Applications, especially web applications, are vulnerable to cyberattacks. The primary problem with an insecure application usually lies in the roots of the software development foundation and process. That’s why utilities should expect their mission-critical communication system vendors to participate in an ongoing audit and compliance process for their systems. A vendor that has participated in vulnerability testing, penetration testing, black-box testing, or white-box testing has a proven level of due diligence.
Before procuring an application, energy companies should request NERC-CIP, NIST 800-53, and other relevant security compliance or certification accreditation. Without knowing the status of the application source code and pre-existing vulnerabilities, software defects, and logical flaws, the organization opens their network infrastructure for potential exploitation.
Additionally, utilities should review and use standards that are accepted and instituted for application security such as the
Open Web Application Security Project (OWASP). This project is an open, worldwide security community dedicated to enabling organizations to develop, purchase, and maintain applications and application programming interfaces (APIs) that can be trusted. The following page provides an overview of OWASP’s Top 10 Application Security Risks, as produced in December 2017, with the general causes for each risk.7
OWASP developed this list to educate developers, designers, architects, managers, and organizations about the consequences of the most common and most important web application security weaknesses. This guidance and these basic techniques will help protect against high-risk problem areas.

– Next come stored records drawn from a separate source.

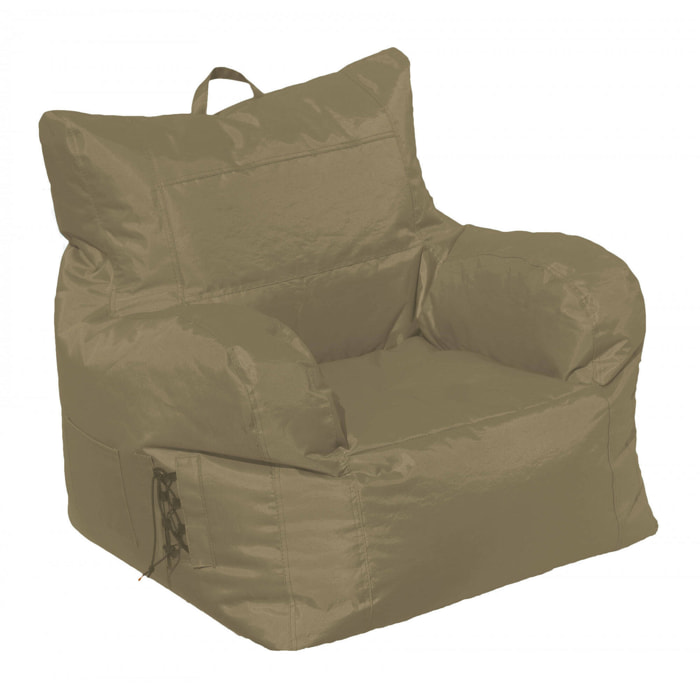 Poltrona Ossidiana, Seduta imbottita, Divano singolo da salotto, Sedia con braccioli, Made in Italy, 75x65 h70 cm, Beige
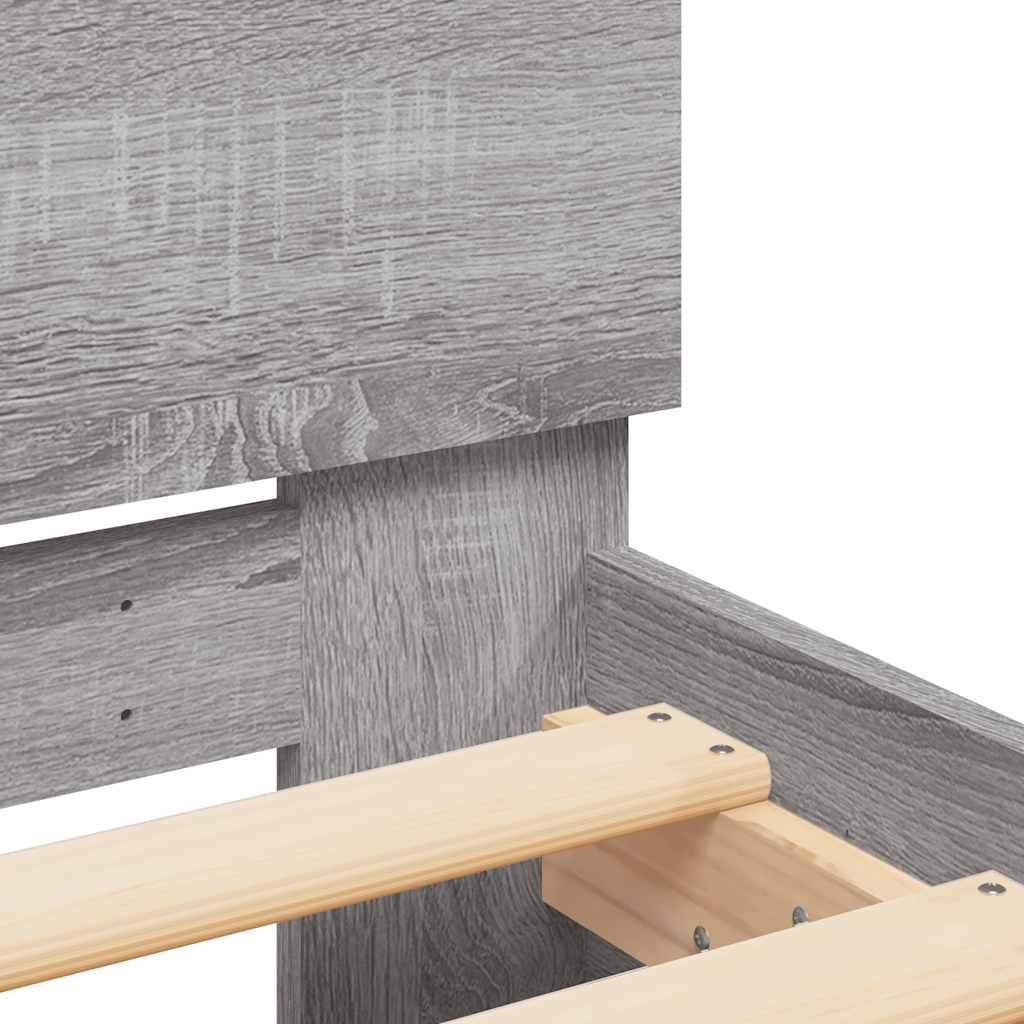 Bed Frame with Headboard and LED Grey Sonoma 135x190 cm Double
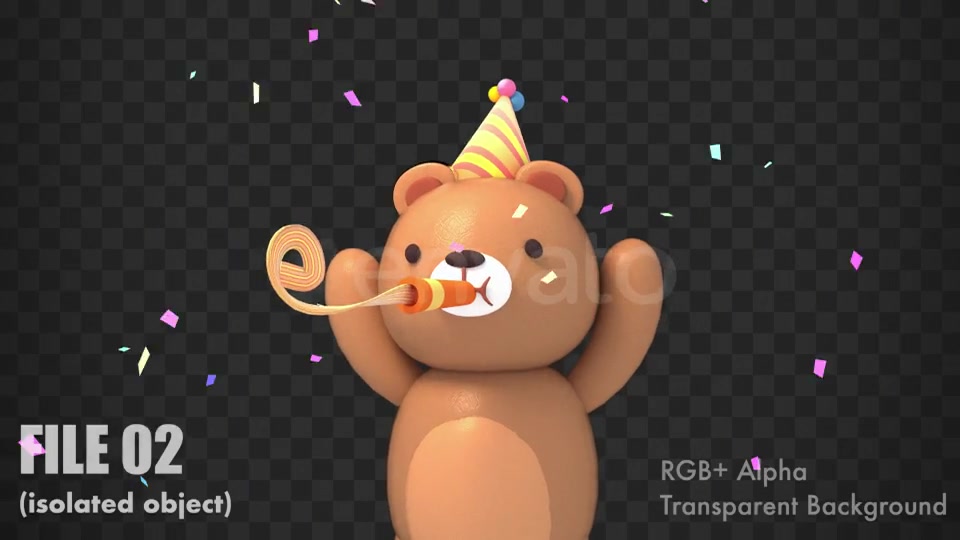 3d Party Bear Videohive 22266142 Motion Graphics Image 6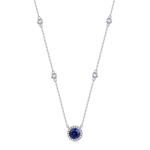 FANCIME "Always Brilliant" Sterling Silver Halo Setting Round Necklace Klein Blue Main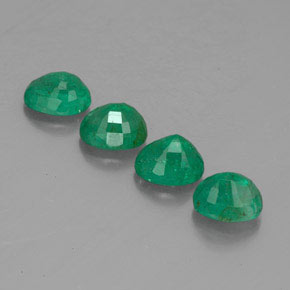 캐럿 천연 그린 에메랄드 보석, 타원형 컷, 5.2×4.1 mm, VS-SI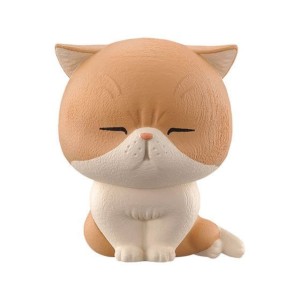 生活用品超級市場-日本直送-貓公仔擺設-坐著睡著覺的啡白大頭貓-1枚入-貓咪精品-寵物用品速遞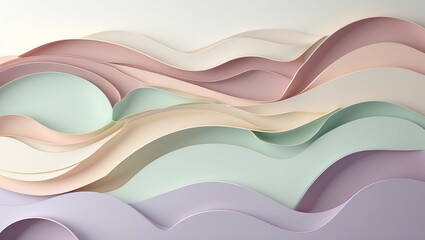 Obraz premium Pastel Paper Layers Abstract Background with Delicate Waves and Subtle Colors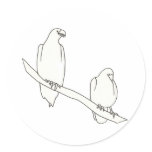 Drawing of Two Birds on a Branch Stickers stickers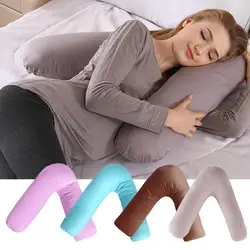 Almohadas de maternidad en forma de V para dormir, almohada suave y extraíble para el cuerpo, artículos esenciales para madres embarazadas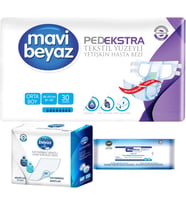 Mavi Beyaz Ped Ekstra Tekstil Yüzeyli Yetişkin Bel Bantlı Hasta Bezi M 30 Adet+ Yatak Korucu + Havlu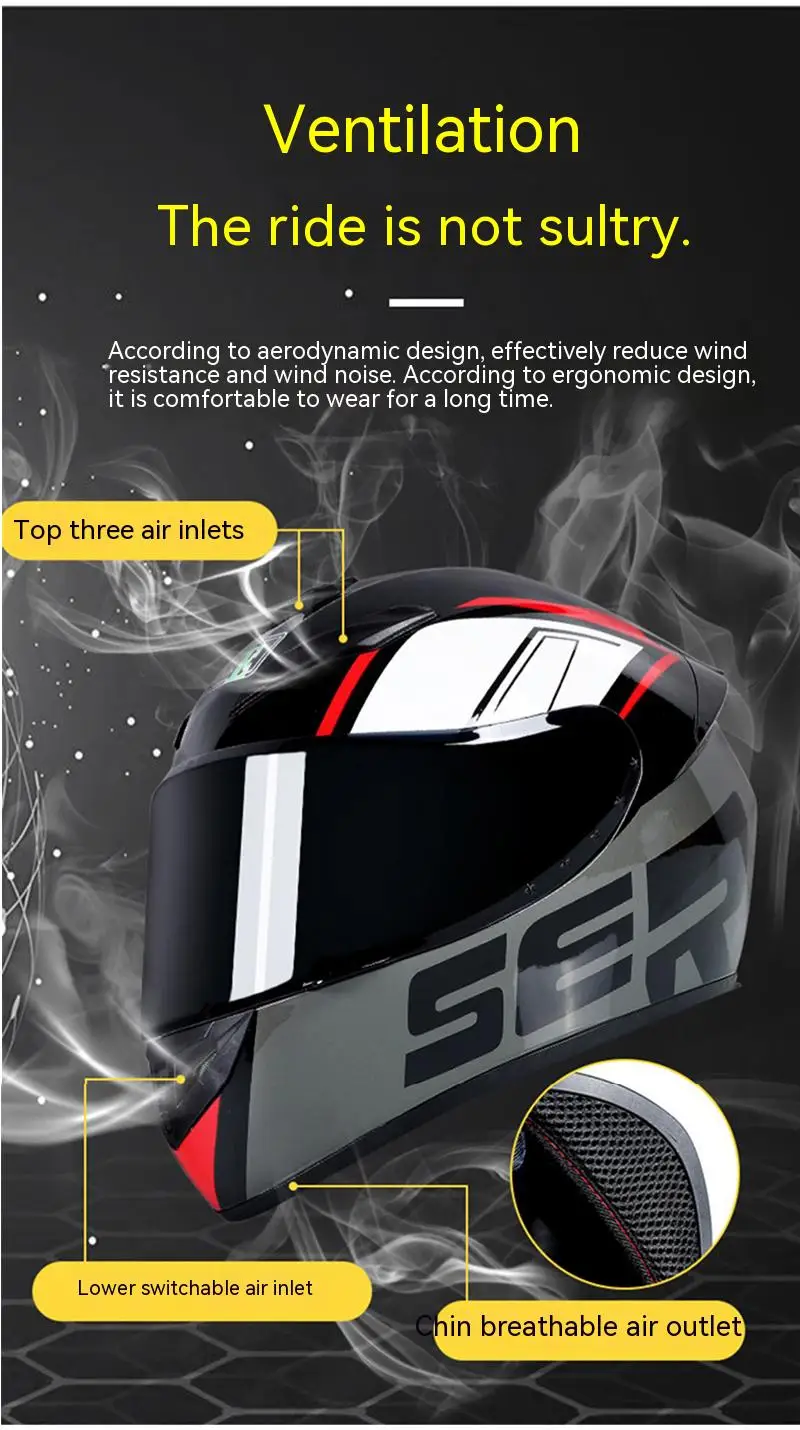 Unisex Motorcycle Helmet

To this extent, application development frameworks, such as the OWASP-developed Software Application Maturity Model (SAMM), have been developed, instituted, and implemented by many software and systems companies over the past few years, providing a guide for software security strategy, evaluation, and measurement. System and application security, however, must be an ongoing process, not a destination. There is no bulletproof solution to completely protect or isolate systems and applications from being compromised by threat actors. To better manage and protect systems and applications, it is essential to examine governance and administrative policies, operational and technical risks, and implemented controls. With a good foundation and understanding of risk and control management, organizations can better protect, mitigate, and manage cybersecurity risks.

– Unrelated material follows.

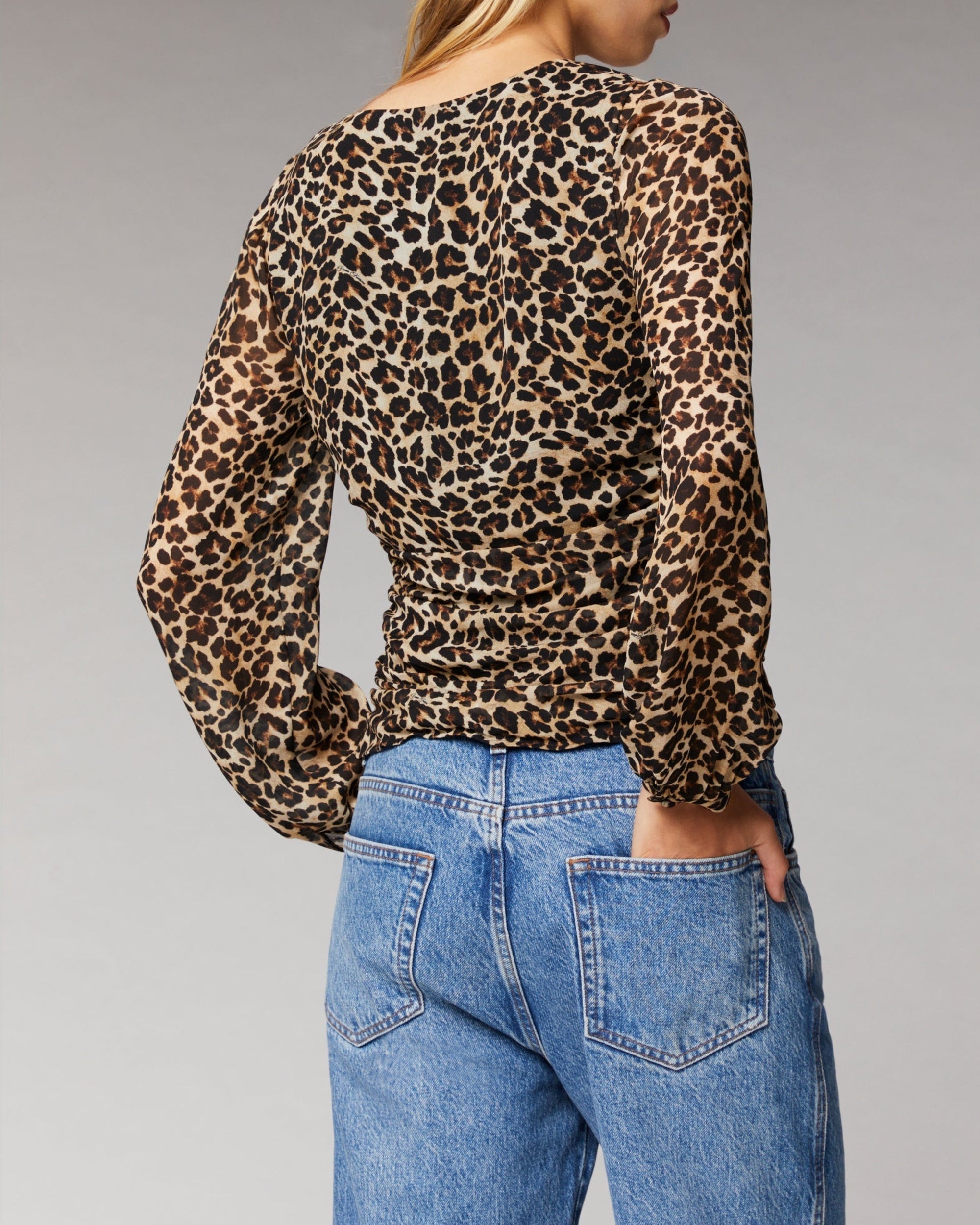 Top manches longues Smocke - Winter Leopard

Above all, the implementation of a comprehensive security ecosystem starts with a paradigm shift throughout the organization, from senior officers to end users. Without proper management support and a culture of continuous improvement that includes ongoing security awareness training, organizations will struggle and likely fail to defend their systems and applications.

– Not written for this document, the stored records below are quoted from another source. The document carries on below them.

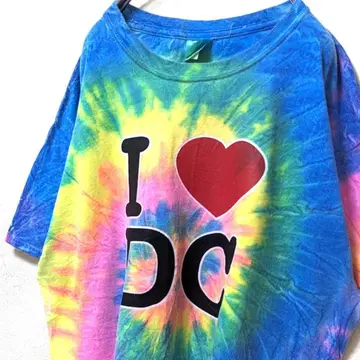 컬러 톤 아이 러브 DC 올 패턴 티셔츠 타이다이 L 구제 의류
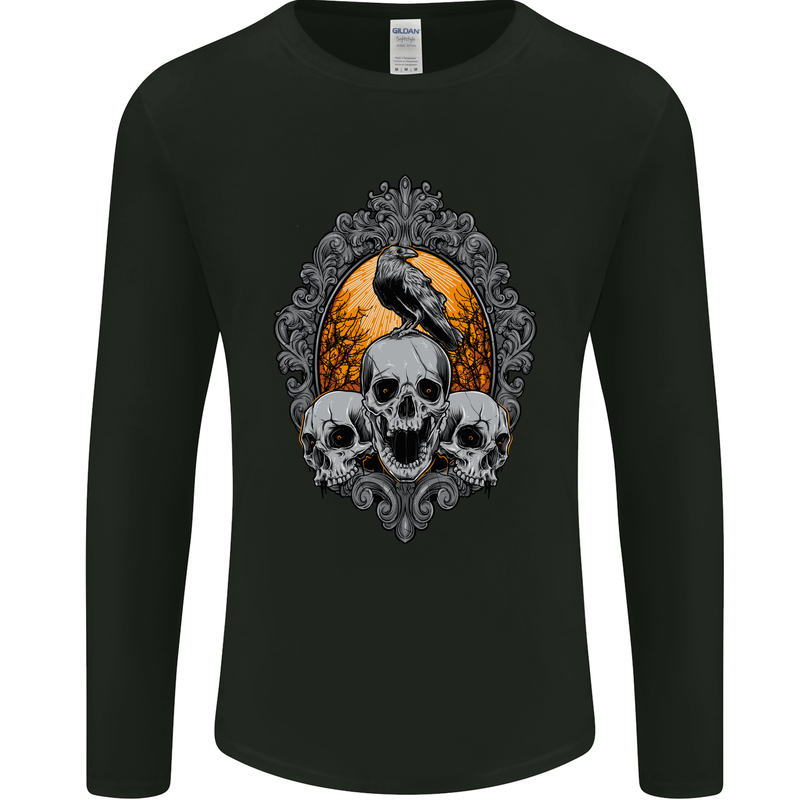 Gagak and Skulls Gothic Biker Crow Birds Mens Long Sleeve T-Shirt Black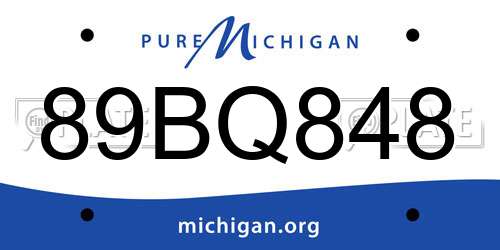 89BQ848 Michigan License Plate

The internal and regulatory pressure to protect systems and applications is already enormous. As the public learns more about emerging threats and vulnerabilities, they put on more pressure for an urgent response. Businesses and organizations then push vendors and manufacturers to quickly develop security patches and hotfixes to protect or mitigate system and application holes and exploitations. While the urgency is real, it’s easy to overreact in such an environment, resulting in quickly developed solutions that can cause adverse impacts on hardware and software. Software repairs require testing and review of the patches themselves. Installing these software components quickly can, and often does, lead to other software, hardware, and system deficiencies and weaknesses that are open to unforeseen compromise. Therefore, it’s important for utilities to follow a methodical development, testing, and implementation process, such as the OWASP-based SAMM, to mitigate the introduction of any other potential vulnerabilities.